The commentators noted that the direct target of biological warfare need not be restricted to a human population. Bioterrorists could also attack food crops and animals, which, because of relatively little intraspecies genetic variation, may be particularly vulnerable to biological warfare.

But research into genomics can counter some of the threats posed by the technology, the commentators wrote.

By decoding the genetic sequence of important pathogens, researchers could develop microarray technology to quickly detect biological warfare agents after their release. The commentators envisioned a futuristic "DNA chip" that would contain the coding sequences for many likely biological warfare agents and could be used to detect even genetically shuffled versions of these organisms.

Genomics-based vaccine development could also stave off the threat of bioterrorism.
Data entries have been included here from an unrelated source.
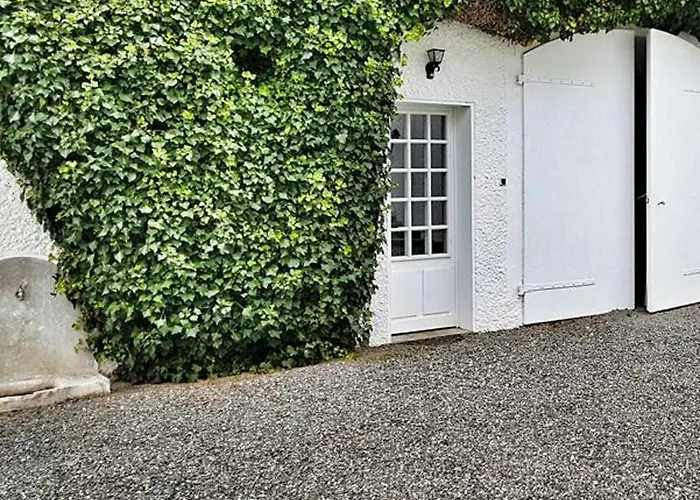 Semesterbostad Clos Mirabel Manor - Jurançon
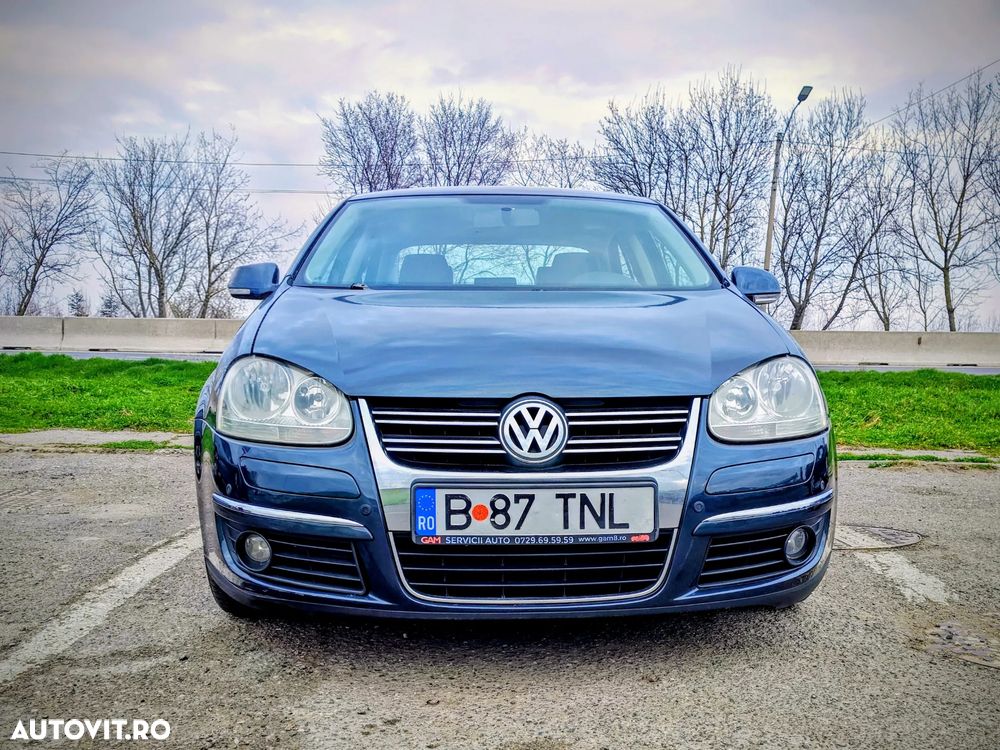 Volkswagen Jetta 1.9 TDI Comfortline DSG - 1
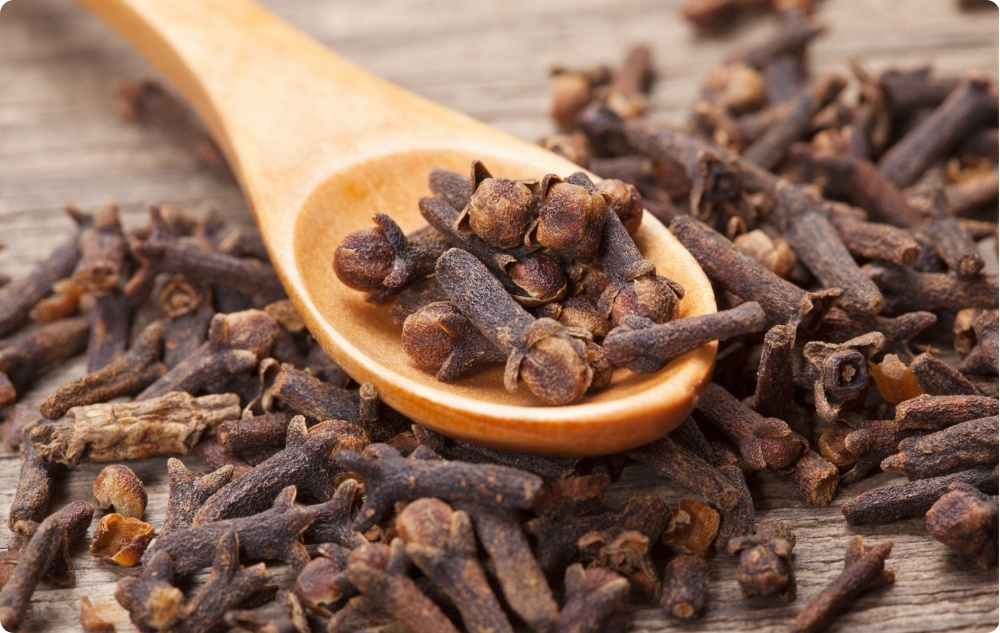 S čím pomáha Еsenciálny olej z Klinček?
Such technology, the commentators noted, is already being used to "mine" the genes of pathogens to find new vaccine targets.

Fraser and Dondo viewed the use of genomics to guide the design of new antimicrobial agents as another promising research area. This technology could one day be used to create antimicrobials that are "highly specific for a particular agent" rather than a broad range of pathogens.

The commentators concluded that genomics-based research that increases the ability to detect, prevent, or treat bioterrorist attacks could decrease the likelihood of such attacks by making them "futile as well as morally acceptable." To achieve this end, the commentators urged the funding of genomics research that specifically addresses the threat of bioterrorism.